/garufa

A websocket server compatible with the Pusher protocol.

Primary LanguageRubyMIT LicenseMIT

Build Status Code Climate

Garufa

An open source server implementation of the Pusher protocol.

Intro

Garufa is a Ruby websocket server which implements the Pusher protocol. It is built on top of Goliath, a high performance non-blocking web server, and inspired by Slanger, another server compatible with Pusher.

Install

Be sure you have a ruby version >= 1.9.2

$ gem install garufa

$ garufa --help

Usage

Start garufa server:

$ garufa -sv --app_key app-key --secret app-secret

This will start Garufa, logging to stdout in verbose mode. If you want Garufa to run in background (daemonized) just add -d flag.

Now say you want to send events to your browser. Just create an .html file which requires the pusher.js library and binds to some events, then point your browser to that file (for testing purpouse, you can just simple open it with your browser).

Maybe you would like to open your JavaScript console to see JavaScript debug messages.

<html>
  <script src="http://js.pusher.com/2.1/pusher.min.js"></script>
  <script>
    Pusher.log = function(message) { console.log(message) };
    Pusher.host = 'localhost';
    Pusher.ws_port = 8080;

    var appKey = 'app-key';
    var pusher = new Pusher(appKey);
    var channel = pusher.subscribe('my-channel');

    channel.bind('my-event', function(data) { alert(data.message) });
  </script>
</html>

Now trigger my-event from Ruby code. Be sure you have already installed the pusher gem (gem install pusher). Open a Ruby console and paste this code:

require 'pusher'

Pusher.host = 'localhost'
Pusher.port = 8080

Pusher.app_id = 'my-app'
Pusher.key = 'app-key'
Pusher.secret = 'app-secret'

Pusher.trigger('my-channel', 'my-event', { message: 'hello world' })

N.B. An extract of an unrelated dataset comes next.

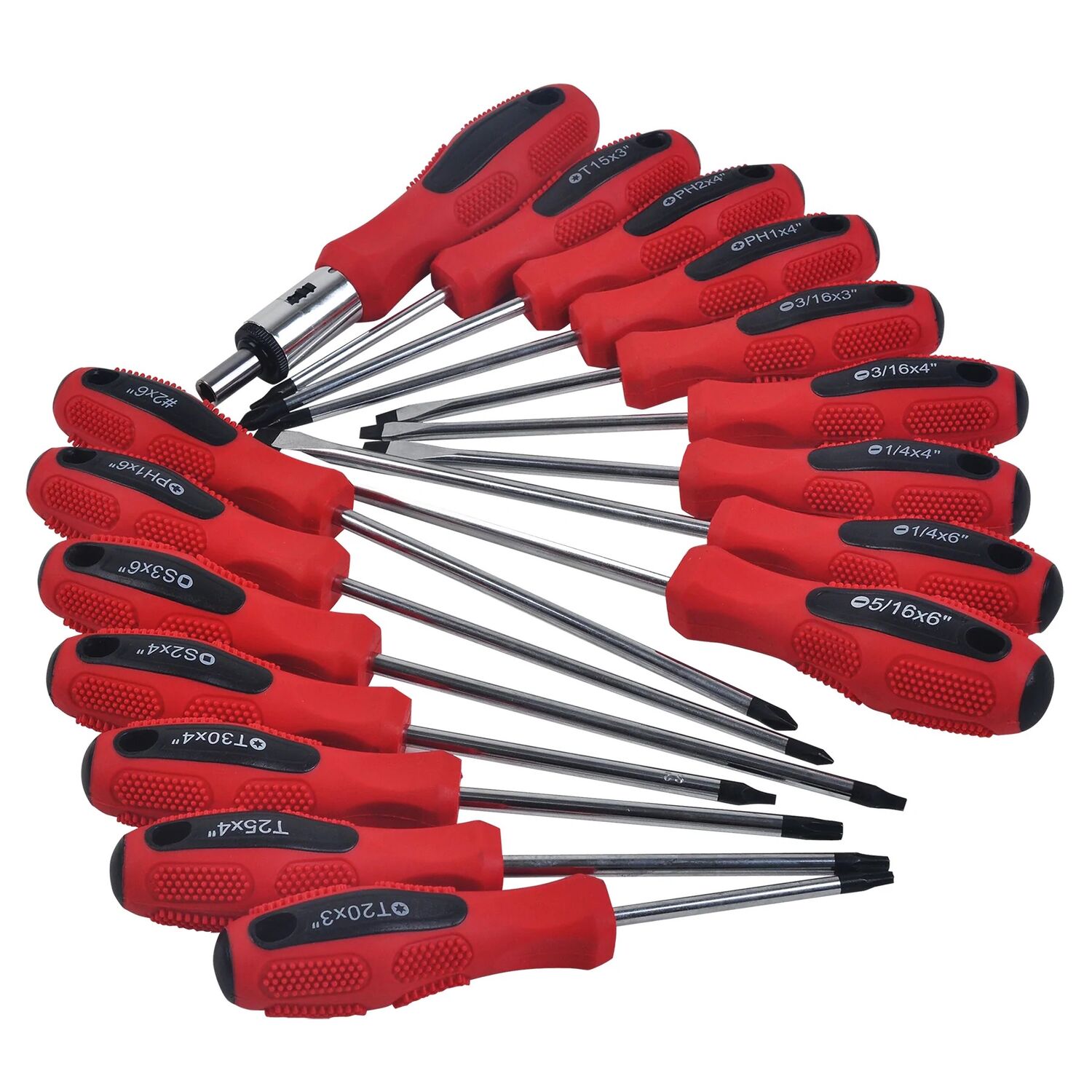 116-Pc Screwdriver Bit and Hex Key Set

Check your browser to see the event have just arrived.

SSL support

$ garufa -sv --app_key app-key --secret app-secret --ssl --ssl-cert /path/to/cert.pem --ssl-key /path/to/cert.key

NOTE: At the moment, Garufa uses the same port for API messages and websocket connections. This means that if you start the server with SSL enabled, you will have to enable SSL in the client library as well as in the api client.

An alternative is to setup Garufa behind a reverse proxy such as Nginx and let the proxy take care of SSL. See below for more info.

Using Nginx as reverse proxy

You can set Garufa behind Nginx if you want: http://nginx.org/en/docs/http/websocket.html

Take into account that you will need to set proxy_read_timeout to a value a little higher than Pusher ACTIVITY_TIMEOUT, otherwise Nginx will close the connection.

In addition, you can let Ngnix take care of SSL and start Garufa without SSL enabled. You could use something like this in your Nginx configuration.

upstream garufa {
    server 127.0.0.1:8000;
}

map $http_upgrade $connection_upgrade {
    default upgrade;
    ''      close;
}

server {
    listen       8080;
    server_name  garufa.example.com;

    ; Set this a little higher than Pusher ACTIVITY_TIMEOUT
    proxy_read_timeout  150;

    ssl                  on;
    ssl_certificate      /path/to/cert.pem;
    ssl_certificate_key  /path/to/cert.key;

    location / {
        proxy_pass          http://garufa;
        proxy_http_version  1.1;
        proxy_set_header    Upgrade $http_upgrade;
        proxy_set_header    Connection $connection_upgrade;
    }
}

Testing and Contributing

It's up to you how you install Garufa dependencies for development and testing, just be sure you have installed dependencies listed in the .gemspec. If you want to let bundler handle this, you can generate a Gemfile from the .gemspec and then just run bundle install.

$ bundle init --gemspec=garufa.gemspec
$ bundle install

Once you have dependencies installed, run rake test (or just rake).

$ rake

Pull requests are welcome!

Pusher

Pusher is a great service, very well documented and with excellent support. Consider using it on production.